Re: [vserver] Issue with OverlayFS in 3.18

From: Corey Wright <undefined_at_pobox.com>
Date: Sun 01 Mar 2015 - 08:02:21 GMT
Message-Id: <20150301020221.e1533886b43c6544a11433e5@pobox.com>

On Sun, 22 Feb 2015 16:50:00 +0100
Oliver Welter <mail@oliwel.de> wrote:

> Am 22.02.2015 um 15:50 schrieb Oliver Welter:
> > Hi Bertl,
> >
> > Am 02.02.2015 um 11:11 schrieb Herbert Poetzl:
> >> On Mon, Feb 02, 2015 at 08:10:15AM +0100, Oliver Welter wrote:
> >>> Am 02.02.2015 um 01:58 schrieb Herbert Poetzl:
> >>>> On Sun, Feb 01, 2015 at 03:28:22PM +0100, Oliver Welter wrote:
> >>
> >>>>> Trying the same without starting the vserver, using a simple
> >>>>> "chroot" works, so it looks like some limits are not working
> >>>>> correctly.
> >>
> >>>> Please try without Linux-VServer isolation but with the same
> >>>> namespace setup, I don't think that you are hitting a limit
> >>>> here, it looks more like a namespace problem of overlayfs.
> >>
> >>> Can you be a bit more verbose - I never git in touch with the
> >>> individual components ;)
> >>
> >> Either use vnamespace or the unshare tool to create a namespace
> >> setup identical to your guest and check if the issue remains.
> >
> > I am unable to reproduce it with vnamespace or unshare, I used attached
> > test script and ran it as:
> >
> > vnamespace -n /mnt/test.sh
> > vcontext --create --xid 42 /mnt/test.sh
> > unshare -i -m -u test.sh
> >
> > with the correct result (file breakme is replaced by a directory on the
> > common mount).
> >
> > When you do the same inside a vserver, it does not work (use overlay to
> > assemble rootfs of vserver, start vserver, try to change entity which
> > exists on the lower but not on the upper fs).
> >
> I think I got the root cause - overlayfs uses character files to mark
> whiteouts and the vserver env seems to refuse access to this whiteout
> file. Adding SYS_ADMIN "makes it work", so I guess the right way would
> be to skip the access check for overlayfs whiteouts.

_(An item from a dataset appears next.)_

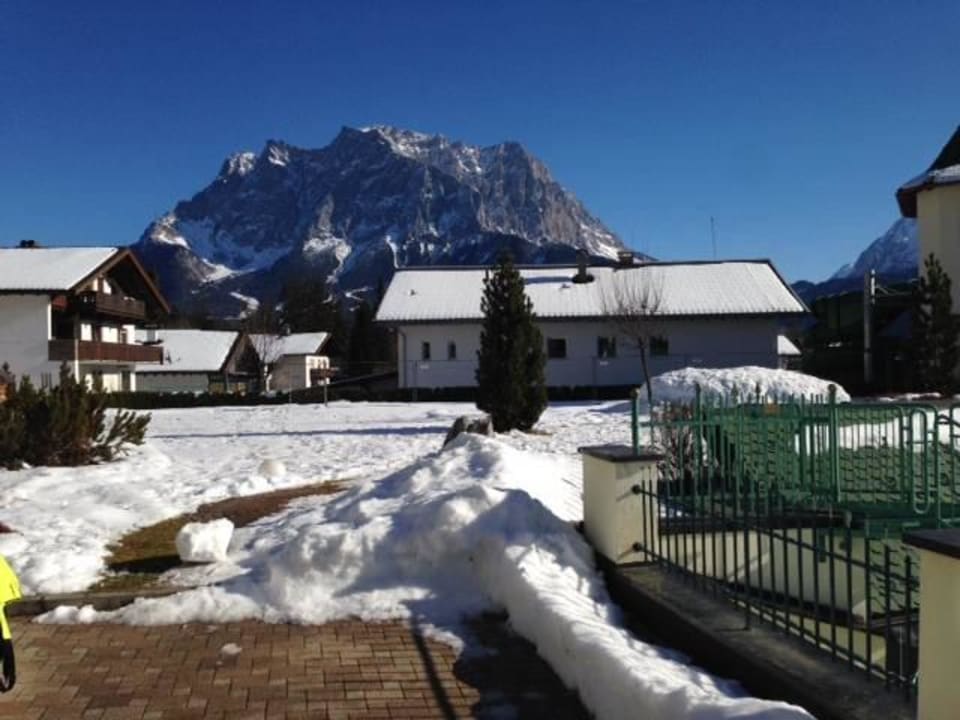 Blick vom Hotelgarten Richtung Zugspitze im Winter Alpenrose - Familux Resort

thanks for debugging it to the point of identifying CAP_SYS_ADMIN, which
was the pertinent piece of information, but the character devices were a
red herring [1] (partially because of my confusion in how and when they are
used in overlayfs).

vattribute --set --xid ${VS_XID} --ccap ^3
OR
echo ^3 >>/etc/vservers/${VS_NAME}/ccapabilities

(or "fs_trusted", instead of "^3", once daniel merges this [2].)

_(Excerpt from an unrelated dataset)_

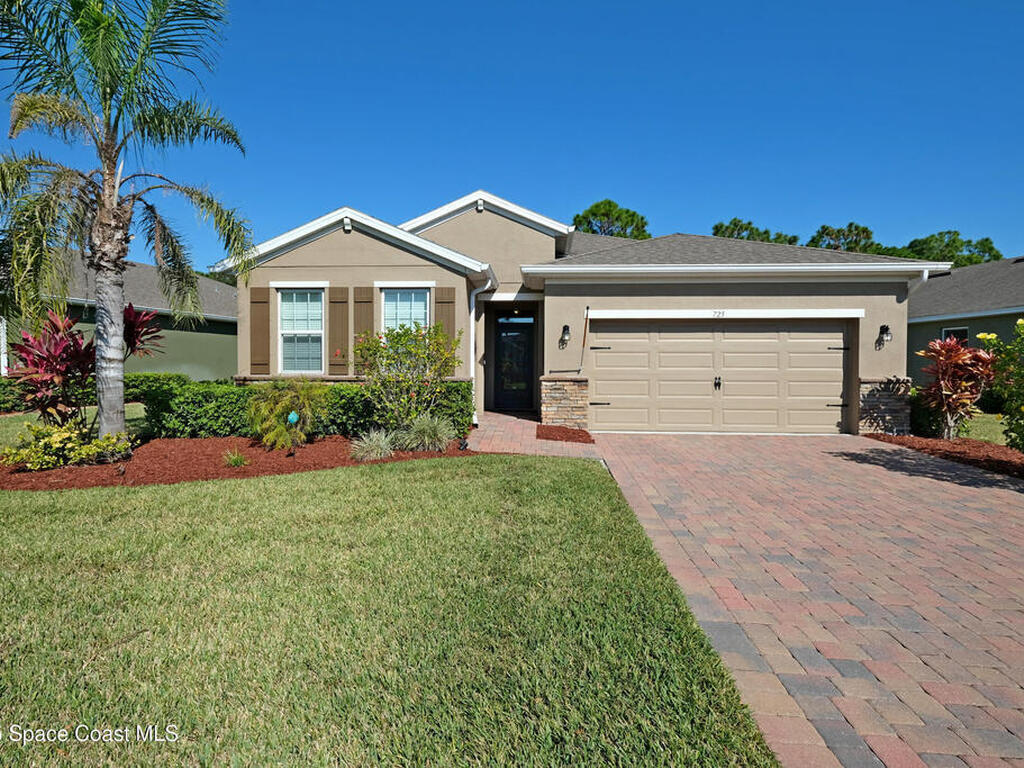 725 Remington Green Drive, Palm Bay, FL 32909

DISCLAIMER: this is just a workaround due to linux-vserver *not*
supporting the use of overlayfs from within a vserver.

another pertinent piece of information that i identified from my testing
is that the error happens to directories, but not regular files. so
reading through the overlayfs source code [3] i noticed that in
ovl_create_over_whiteout() a directory is treated differently than
everything else by calling ovl_set_opaque() on it which (eventually)
sets an xattr of "trusted.overlay.opaque" on the directory. of course
after reading through the source code i realize this is all documented
[4] (but it's more memorable this way ;).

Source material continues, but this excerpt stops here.